The Court is cognizant of Higgins v. State Farm Fire & Cas. Co., 894 So. 2d 5 (Fla. 2004) [29 Fla. L. Weekly S630a] (“Higgins II”), which found that an insurer may pursue declaratory relief that requires a judicial determination of the existence or nonexistence of a fact upon which the insurer’s obligation to defend or indemnify may arise in a third-party insurance claim. However, the court based its ruling on the premise that before parties litigate a third-party action, an insured should know if insurance coverage exists — to determine how best to proceed; and an insurer should know whether they have a duty to defend or indemnify its insured in the event liability is determined or established. In this first party insurance claim, the rational presented in Higgins II, is simply not present. See. Legion Ins. Co., 846 So. 2d at 1187.

In this case, the Defendant is not simply looking to the Court to declare that it has no duty to defend or indemnify its insured. The reason the Defendant cannot request the aforementioned relief is because its insured is not a party to this first party action. Moreover, the Defendant is simply attempting to take over the litigation for its own benefit and at the expense of the Plaintiff. The Court finds that the Defendant’s proposed amendment would be highly prejudicial and may imped on the Plaintiff’s rights.
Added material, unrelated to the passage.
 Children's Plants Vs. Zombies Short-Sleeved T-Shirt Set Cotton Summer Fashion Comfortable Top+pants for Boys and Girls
A declaratory remedy is not a tactical device whereby a party who would be a defendant in a coercive action may choose to be a plaintiff if he can beat the other party to the courthouse. Casualty Indem. Exch. v. High Croft Enters., Inc., 714 F.Supp. 1190, 1193 (S.D.Fla.1989).
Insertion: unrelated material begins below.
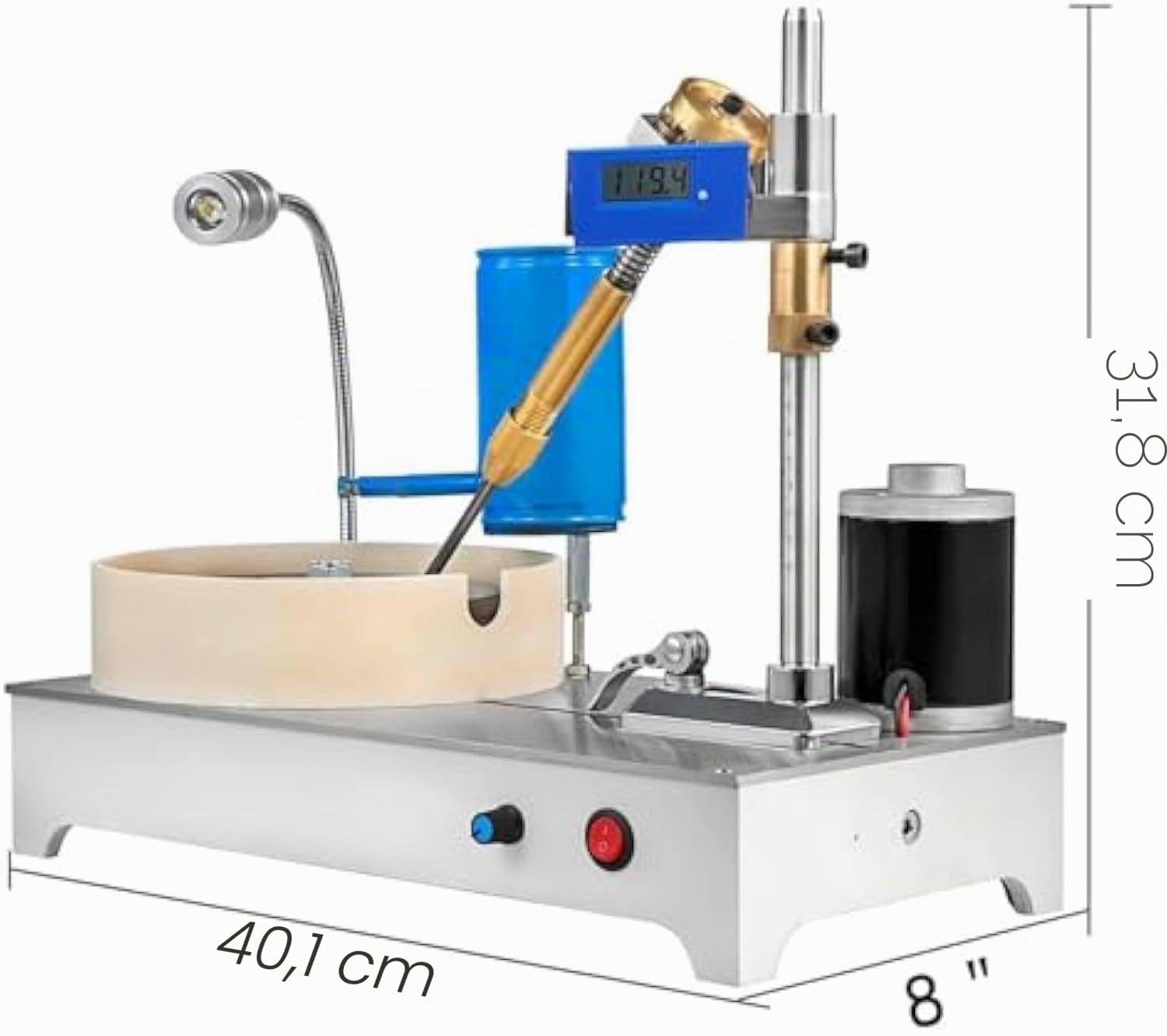 Máquina de facetado y pulido de gemas - Máquina pulidora de gemas facetas - Pantalla digital - 2800rpm 120w Pulidor de joyería, amoladora plana, máquina lapidaria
Additionally, the Court finds Defendant’s proposed Amendments untimely under Florida Small Claims Rule 7.100 (requiring a compulsory counterclaim to be filed five days prior to the pretrial conference or deeming the counterclaim abandoned).
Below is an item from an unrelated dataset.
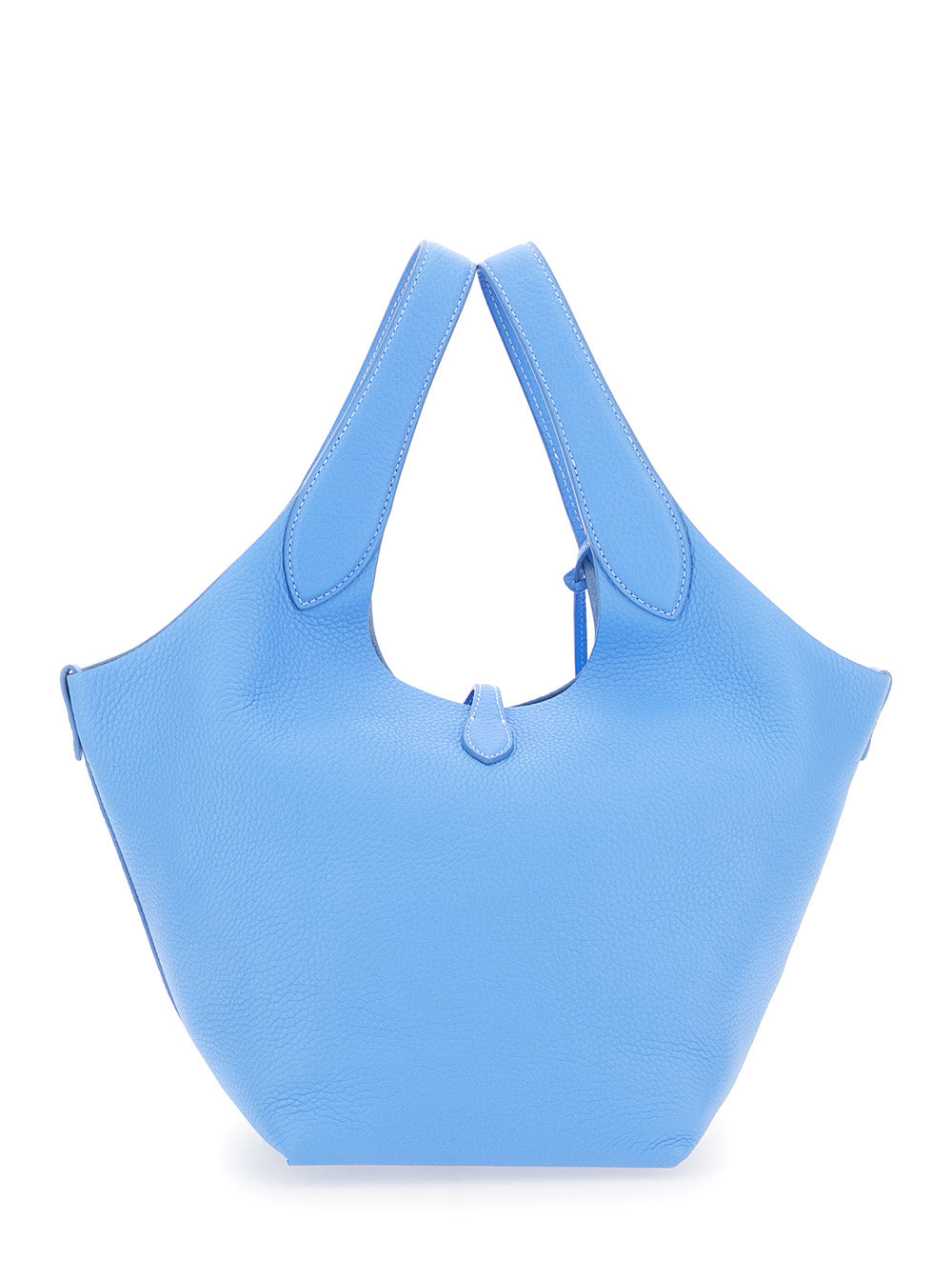 Play Medium Light Blue Handbag with Lock on the Front and Pony Detail in Leather for Women Cow Hand Bags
Lastly, Defendant’s proposed Third-Party Complaint fails to comply with 7.100(e) in that it fails to state how, if at all, the named insured would be liable to the Defendant for all or part of the Plaintiff’s claim (whose assignor was an omnibus insured). Seee.g., Dacryn Corporation v. Peacock, 630 So.2d 1169, 1170 (Fla. 2d DCA 1993) (third-party claim cannot exist in absence of a claim for indemnity); see State Farm Mut. Auto. Ins. Co. v. People’s Gas Systems. Inc. and Avery L. Jones. et al., 6 Fla. L. Weekly Supp. 50b (citing to Dacryn Corporation).

Accordingly, it is hereby, ORDERED AND ADJUDGED:

1. The Defendant’s Motion for Leave to Amend Answer and Affirmative Defenses to include Counterclaim for Declaratory Relief against Plaintiff, and Third-Party Claim for Declaratory Relief against Earl Worthy is hereby DENIED;

2. The Defendant’s ore tenus Motion to Transfer Proceeding from Small Claims Court to County Civil is hereby DENIED;

3. The Plaintiff’s Motion to Strike Defendant’s First Affirmative defense and/or Motion for More Definite Statement is hereby DENIED; and

4. The Defendant’s Motion for Relief from technical Admissions is hereby GRANTED per agreement of the parties.